Member Management Board Banking/Head of Challengers & Growth Markets
ING attaches great importance to the European Commission’s efforts to further enhance the retail market for cross-border financial services. In this Viewpoint we set out the principal conditions we believe need to be met to overcome the main barriers. In addition, we provide some examples of barriers we are experiencing that hamper additional cross-border activities.
By creating a more efficient financial services market we achieve the shared goal to:
- Make it easier and cheaper for customers to access retail financial services in the EU.
- Allow customers to buy retail financial services offered in another Member State.
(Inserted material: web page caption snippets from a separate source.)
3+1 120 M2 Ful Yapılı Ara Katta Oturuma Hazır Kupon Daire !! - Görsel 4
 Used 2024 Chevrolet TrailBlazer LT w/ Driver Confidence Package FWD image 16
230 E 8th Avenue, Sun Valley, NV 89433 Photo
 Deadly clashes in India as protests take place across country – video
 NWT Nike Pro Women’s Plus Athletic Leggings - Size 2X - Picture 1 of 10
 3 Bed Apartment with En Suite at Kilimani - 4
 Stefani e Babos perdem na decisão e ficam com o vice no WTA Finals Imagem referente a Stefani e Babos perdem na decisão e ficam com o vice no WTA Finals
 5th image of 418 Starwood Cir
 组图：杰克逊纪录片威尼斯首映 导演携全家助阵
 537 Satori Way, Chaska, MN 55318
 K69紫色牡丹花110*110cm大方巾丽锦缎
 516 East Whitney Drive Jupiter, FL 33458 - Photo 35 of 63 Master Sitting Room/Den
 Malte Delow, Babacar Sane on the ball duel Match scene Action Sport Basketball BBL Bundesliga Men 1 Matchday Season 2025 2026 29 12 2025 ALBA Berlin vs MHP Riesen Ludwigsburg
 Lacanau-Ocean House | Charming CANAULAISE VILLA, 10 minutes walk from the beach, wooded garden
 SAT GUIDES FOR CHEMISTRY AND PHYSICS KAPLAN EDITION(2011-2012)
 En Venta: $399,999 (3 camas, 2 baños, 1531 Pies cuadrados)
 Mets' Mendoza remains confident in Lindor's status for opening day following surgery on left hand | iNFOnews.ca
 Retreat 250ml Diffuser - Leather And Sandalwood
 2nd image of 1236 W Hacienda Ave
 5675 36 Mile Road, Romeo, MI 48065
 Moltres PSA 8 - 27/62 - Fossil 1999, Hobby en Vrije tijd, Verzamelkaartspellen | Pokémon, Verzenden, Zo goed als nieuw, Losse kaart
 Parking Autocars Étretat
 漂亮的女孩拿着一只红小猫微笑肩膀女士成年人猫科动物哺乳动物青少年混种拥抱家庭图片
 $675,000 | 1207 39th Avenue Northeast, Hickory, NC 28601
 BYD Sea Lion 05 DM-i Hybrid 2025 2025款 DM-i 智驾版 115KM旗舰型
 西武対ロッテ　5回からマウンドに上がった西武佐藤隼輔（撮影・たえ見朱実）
- Ensure product portability so customers can take their financial products with them when moving from one Member State to another.
Conditions for success
Facilitate digital customer on-boarding and online contracting
This will greatly enhance convenience for the customer. It will also stimulate innovation and competition between financial service providers by making it easier to enter a new market and attract new customers. Developing a consumer-friendly, pan-European electronic identification (e-ID) solution, or compatible national e-ID solutions recognised by all Member States will be beneficial to all parties.
Ensure consistency and coherence in the regulatory framework
We experience differences in Member States’ regulation of anti-money laundering, banking secrecy, e-signature, language requirements, etc. Local regulations are often rule-based and prescriptive, preventing innovative solutions. Also, we see differences in how Member States implement new EU regulation, making a uniform product proposition challenging.
Foster innovation while maintaining a level playing field
ING supports innovation as a way to give customers more and better choice. This needs, however, to take place in a way consistent with the important fiduciary responsibility that financial institutions have and within a consistent regulatory framework. In this respect it is critical to ensure that non-financial companies entering the market for financial services are subject to the same regulatory framework with regard to security, privacy and consumer protection as existing more traditional financial institutions. In particular, scenarios should be prevented where the responsibilities between market players are unequally divided. Currently, under the revised Payment Services Directive, financial institutions that service payment accounts are responsible for covering the costs in case of unauthorised payment transactions initiated via third-party payment service providers (TPP). This should be reassessed.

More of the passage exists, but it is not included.